Les moines, ou les artisans qui travaillaient pour eux, s’inspiraient de l’art environnant pour créer leurs images gravées : les sculptures, les vitraux, les peintures, les tapisseries. Les premières gravures présentent des caractéristiques communes. En premier lieu, on remarque leur sobriété, le traitement simplifié des lignes, voire parfois quelques maladresses dans le rendu du dessin. Leur style global, ainsi que leur uniformité malgré les différents lieux de production, les rattachent au gothique international : les vêtements sont traités avec des lignes courbes et souples, les plis sont larges et se terminent en boucles. Les figures sont dessinées sur fond blanc, parfois colorié en noir pour accentuer leur effet. Les scènes sont dépourvues d’ombre, et sont enfermés dans un trait carré simple. Très souvent, ces estampes sont coloriées avec des couleurs franches : rouge, vert, ocre, bleu, noir.
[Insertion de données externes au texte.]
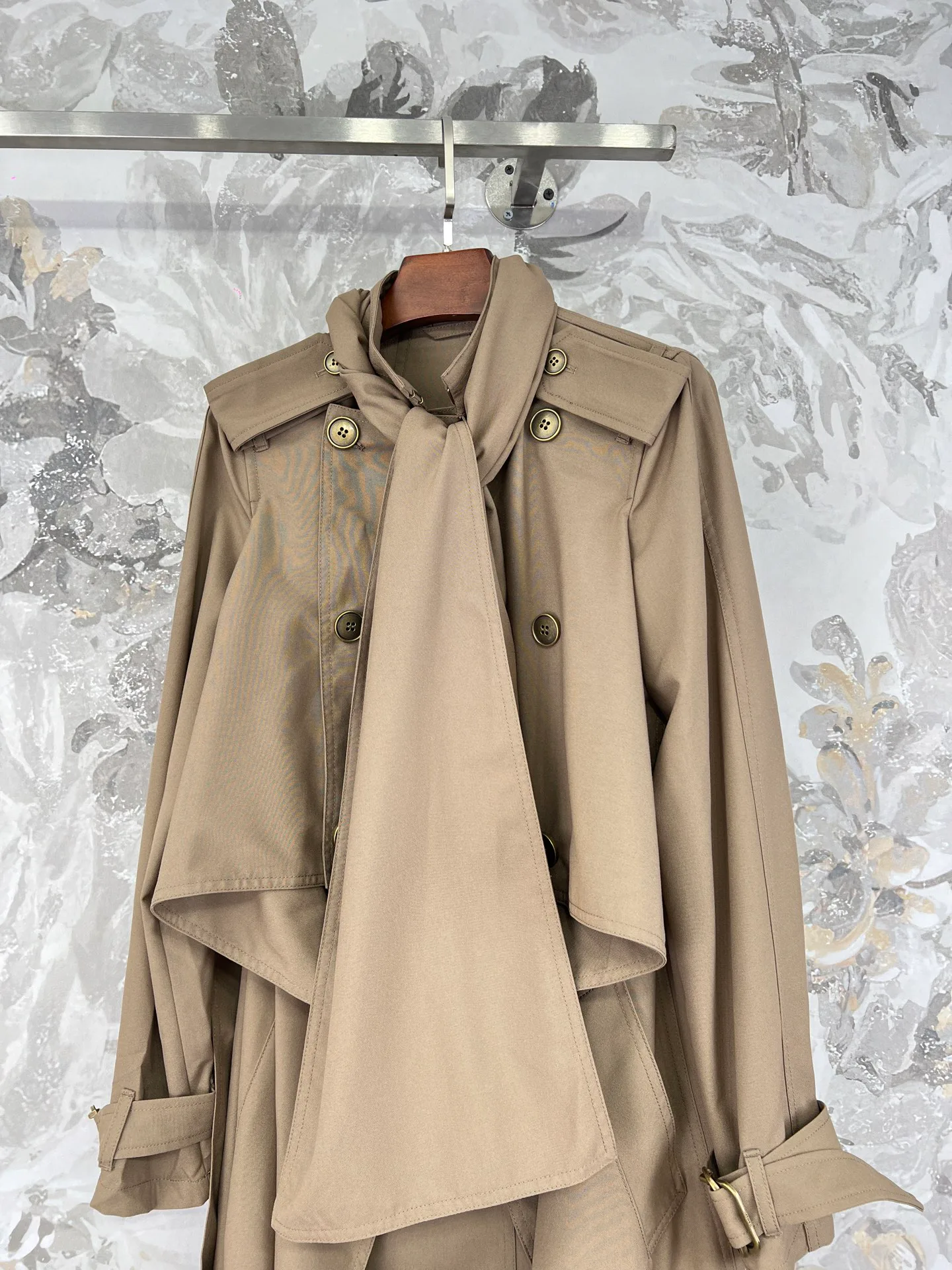 Women's Trench Coats BURBERRY 18324314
La quasi-totalité de ces gravures ont un sujet religieux : scènes de la vie et de la Passion du Christ, Vierge à l’Enfant, saints en pied avec leurs attributs ou subissant le martyre.
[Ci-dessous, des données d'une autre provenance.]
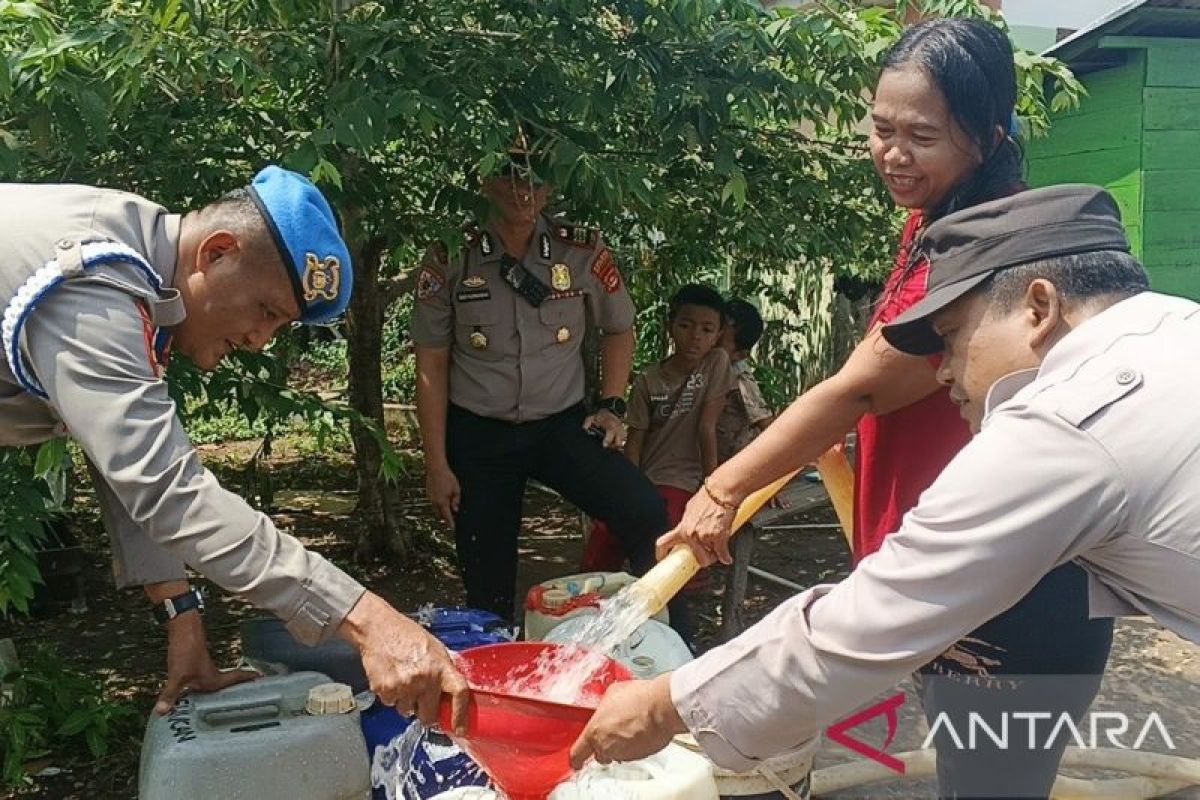 Polda Sumsel Salurkan 7.000 Liter Air Bersih untuk 100 Kepala Keluarga di Musi Banyuasin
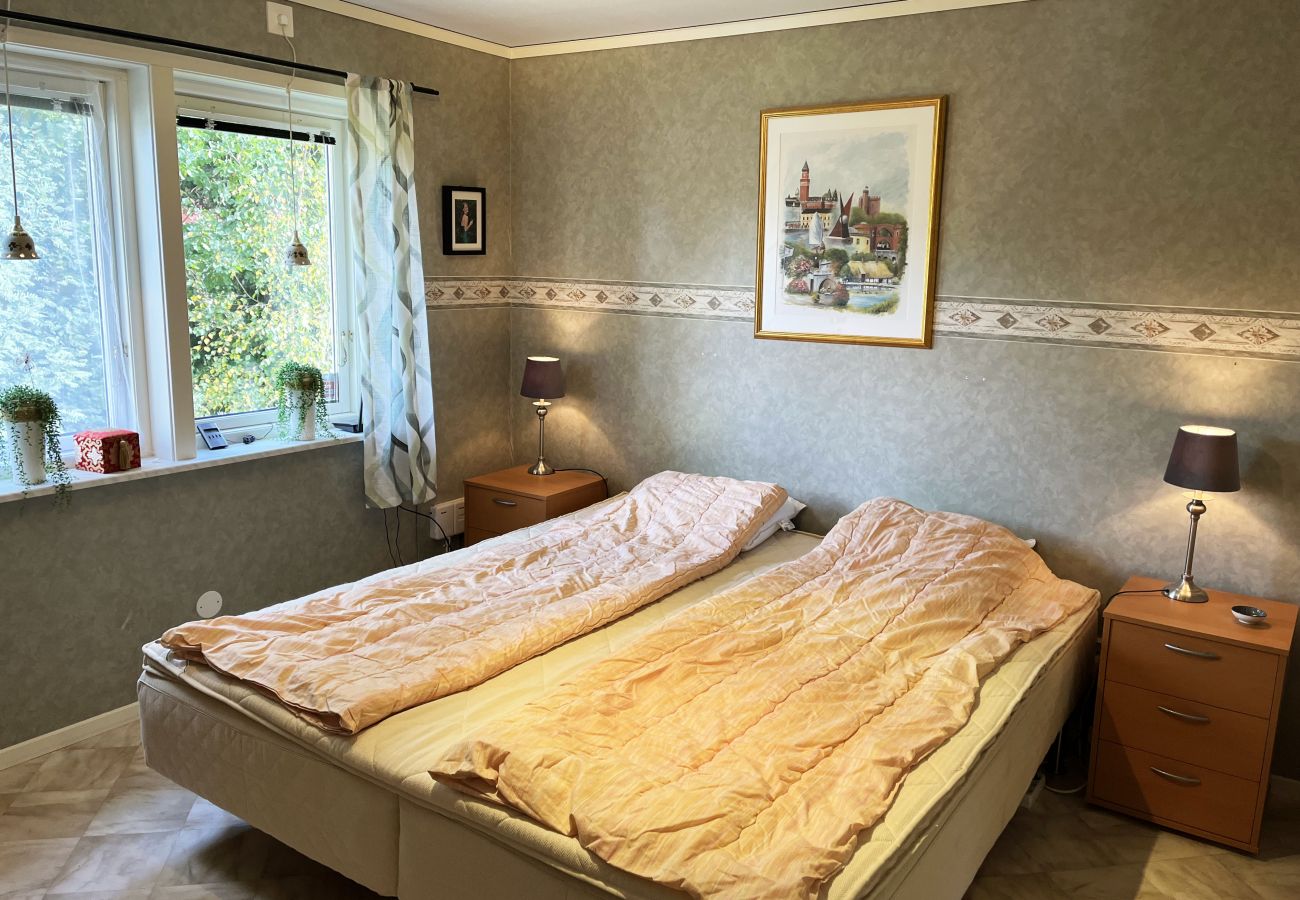 Ferienhaus in Virserum - Gemütliches, geräumiges Ferienhaus am See Virserumssjön | SE05041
Si aujourd’hui ces pièces sont considérées comme de véritables œuvres d’art, d’autant plus précieuses que peu d’entre elles sont parvenues jusqu’à nous, leur fonction primitive n’était pas de satisfaire l’œil de leurs contemplateurs ou possesseurs. Comme nous l’avons vu, elles servaient à l’évangélisation des populations, et constituaient un support matériel aux indulgences. Elles étaient distribuées ou vendues lors des pèlerinages, on pouvait les obtenir dans les foires ou les monastères. Cousues aux vêtements, accrochées aux murs du foyer, collées à l’intérieur de coffres qui devenaient ainsi de petits oratoires une fois ouverts, emportées par les défunts dans la tombe, elles protégeaient leurs détenteurs face aux malheurs du quotidien et aux assauts du Mal.
L’une des gravures imprimées sur papier les plus anciennes est un Portement de croix, dont un exemplaire est conservé au musée du Louvre [Fig. 12]. Son style, et notamment les costumes des personnages, se rapprochent de celui du Bois Protat. Comme ce dernier, elle pourrait avoir une origine française. Mais le fait que la même estampe, conservée à Vienne, ait été découverte dans la couverture d’un registre impérial de l’empereur Sigismond (1368-1437) permet également de considérer qu’elle serait germanique. Plusieurs chercheurs la rapproche d’autres gravures allemandes primitives, comme La mort de la Vierge conservée à Munich [Fig. 13], ce qui conduirait donc à une attribution allemande. Comme pour le Bois Protat, on voit à quel point il est difficile de déterminer avec précision l’origine des gravures primitives.